■ **Available data**
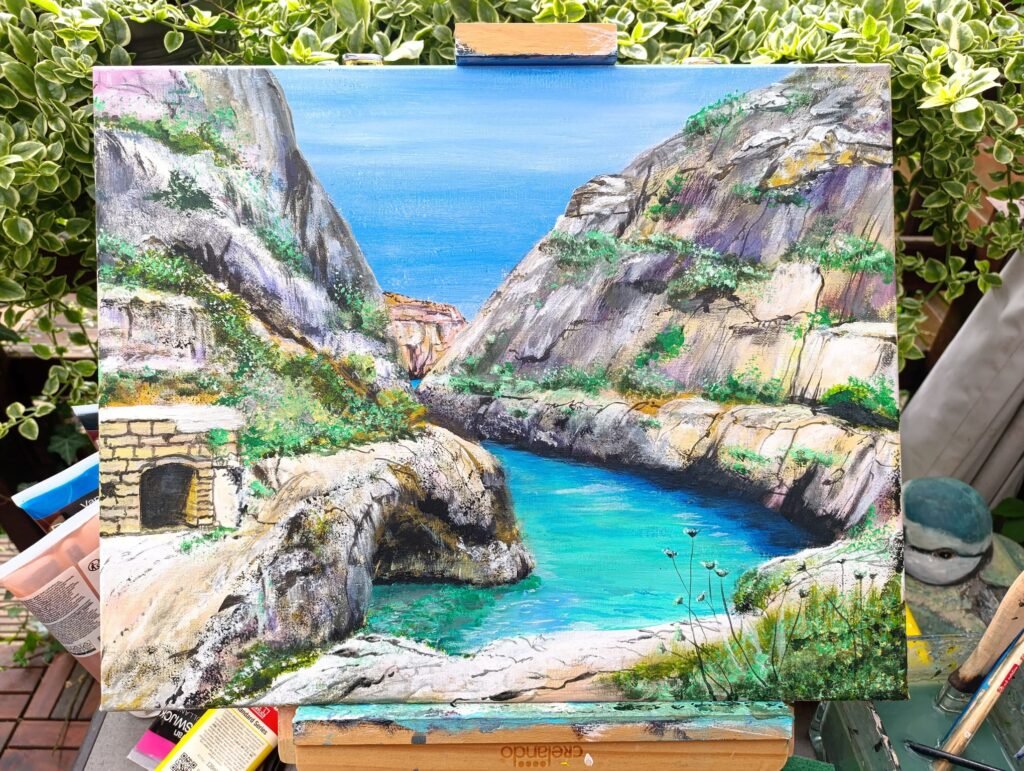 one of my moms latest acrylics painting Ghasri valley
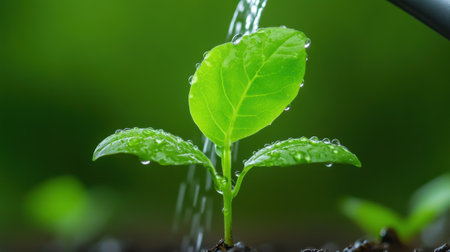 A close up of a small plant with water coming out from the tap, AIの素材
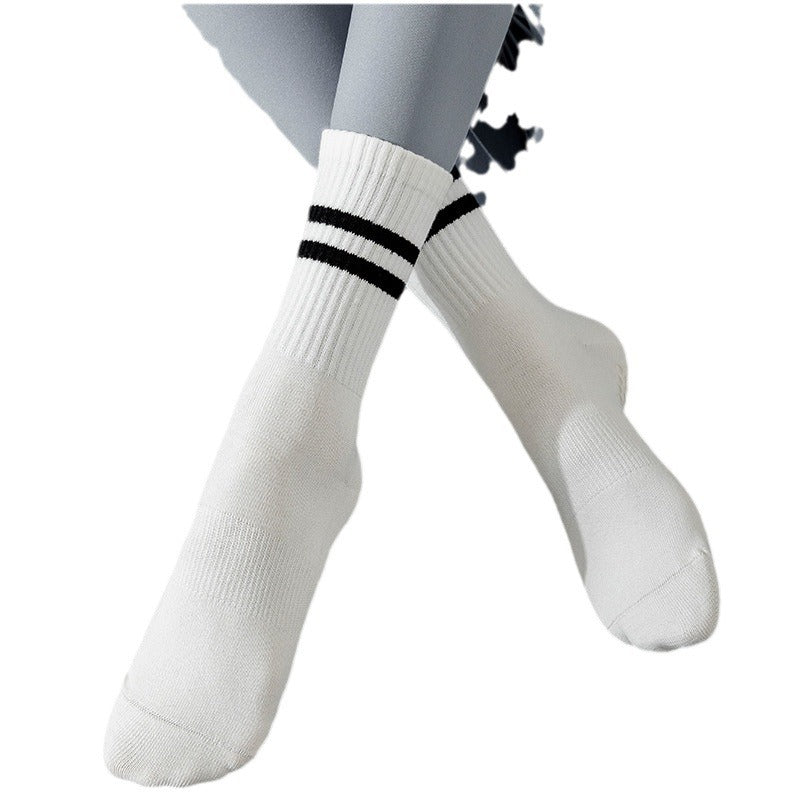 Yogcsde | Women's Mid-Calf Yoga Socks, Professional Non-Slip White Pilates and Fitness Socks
==
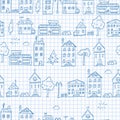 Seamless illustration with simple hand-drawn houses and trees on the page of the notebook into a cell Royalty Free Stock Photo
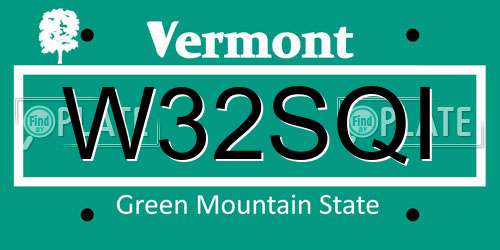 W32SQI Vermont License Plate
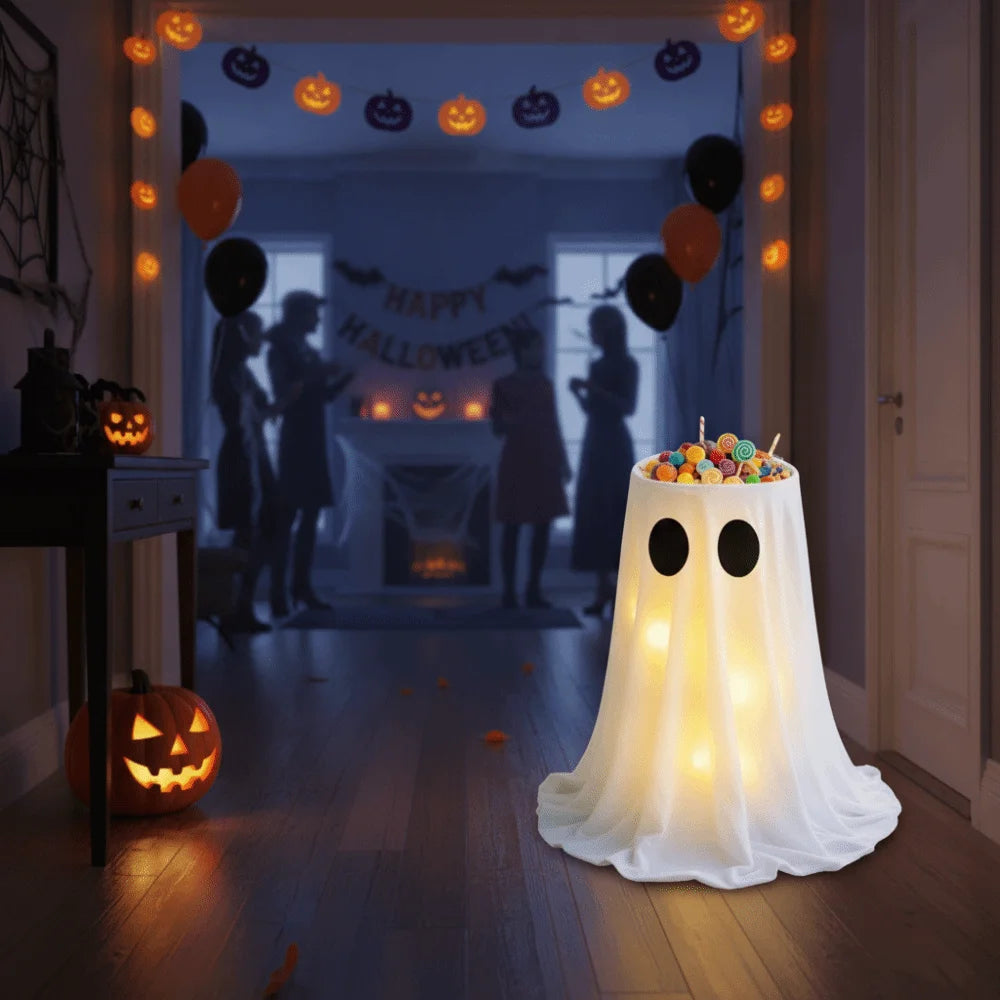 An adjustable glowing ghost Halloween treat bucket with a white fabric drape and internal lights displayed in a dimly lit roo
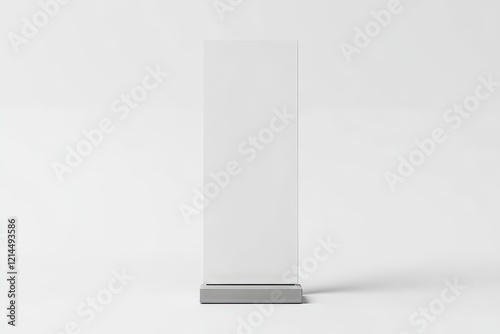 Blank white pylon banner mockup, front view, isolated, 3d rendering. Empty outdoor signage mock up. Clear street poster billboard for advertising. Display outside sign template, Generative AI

■ **Activity**
Output exactly the lines above, from the line with "one of my moms" to the line with "Yogcsde | Women's", both included; skip the pictures.

■ **Response area**
 one of my moms latest acrylics painting Ghasri valley
 A close up of a small plant with water coming out from the tap, AIの素材
 Yogcsde | Women's Mid-Calf Yoga Socks, Professional Non-Slip White Pilates and Fitness Socks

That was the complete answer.